What is congenital syphilis and how is it prevented?
Congenital syphilis is the vertical transmission of Treponema pallidum from a syphilitic mother to her fetus, causing stillbirth, neonatal death, or severe congenital infection. It is entirely preventable by antenatal syphilis screening and treatment with benzathine penicillin G before 28 weeks gestation. Universal antenatal syphilis screening is mandated in the UK and most high-income countries. The recent rise in syphilis incidence in women of childbearing age has caused a parallel rise in congenital syphilis cases in the UK and US.
What is the window period for STI testing?

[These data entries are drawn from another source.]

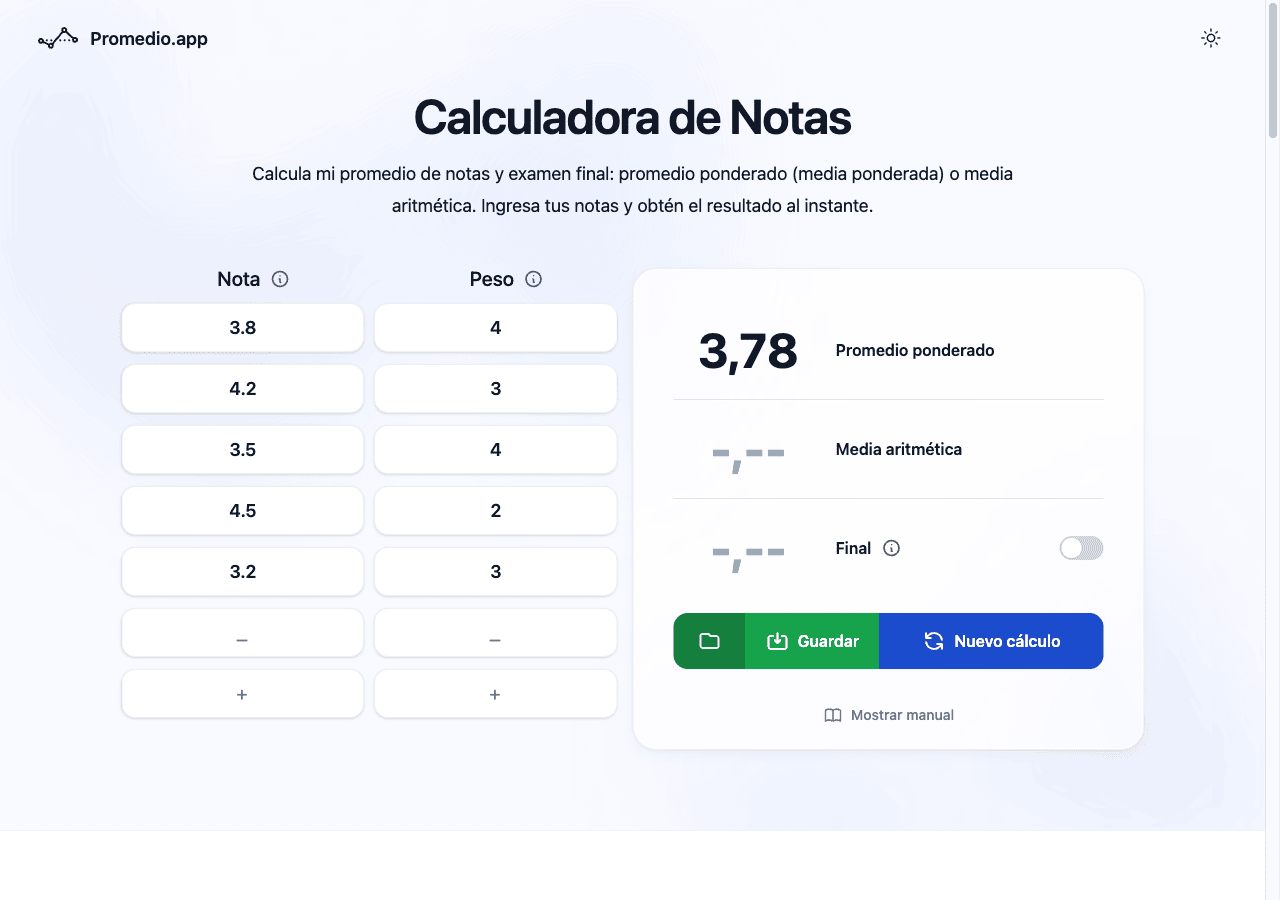 Calculadora PAPA en Promedio.app con 5 materias y créditos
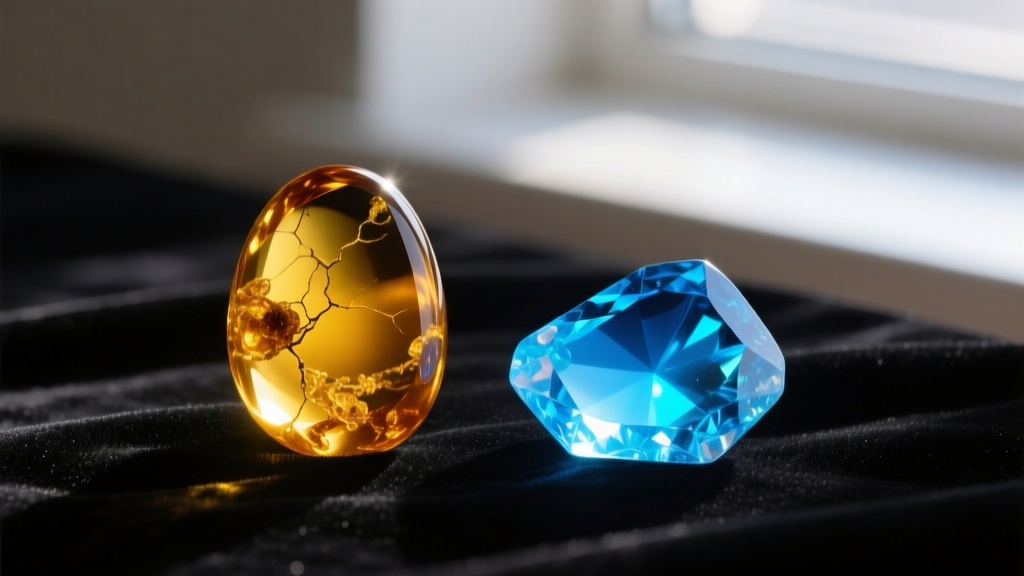 Macro view of a golden Baltic amber cabochon beside a transparent blue-fluorescent Dominican amber piece on dark velvet.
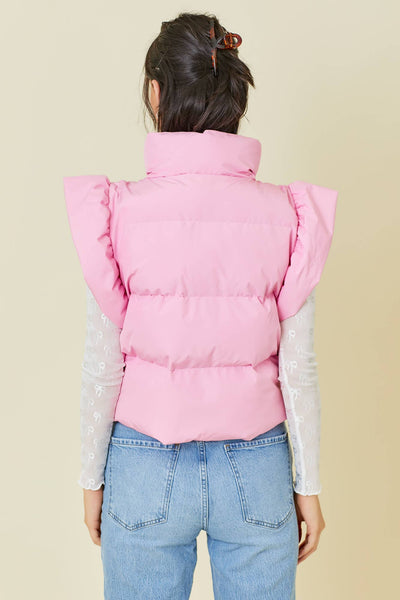 Pink Bow Tie Ruffle Puffer Vest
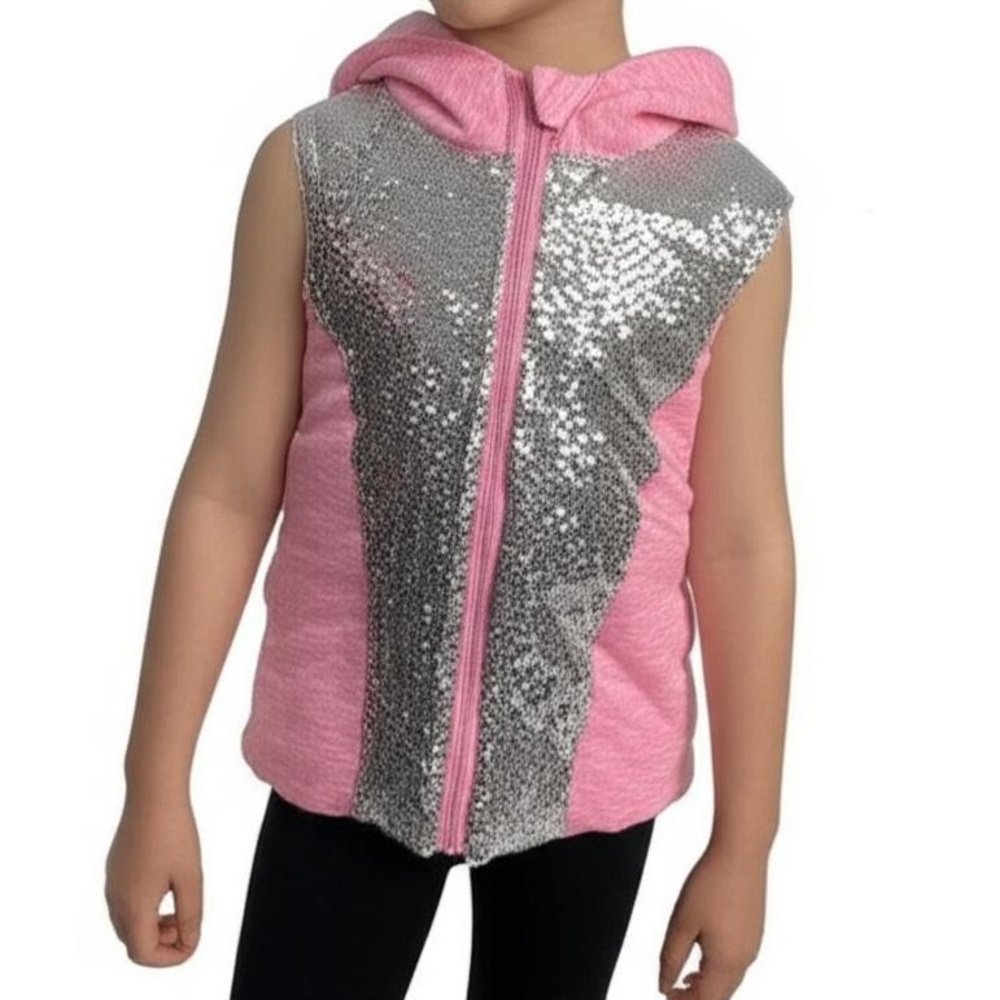 Miss Chievous Vest Girls L Pink Silver Sequin Hooded Full Zip‎ Stretch Trendy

The window period is the time between exposure and when the test can reliably detect the infection. For chlamydia and gonorrhoea NAAT: approximately 2 weeks post-exposure. For syphilis serology: 2 to 6 weeks (treponemal EIA) to up to 3 months (older tests). For HIV fourth-generation Ag/Ab test: approximately 18 to 21 days. Testing before the relevant window period produces unreliable negative results and should be repeated after the window has passed.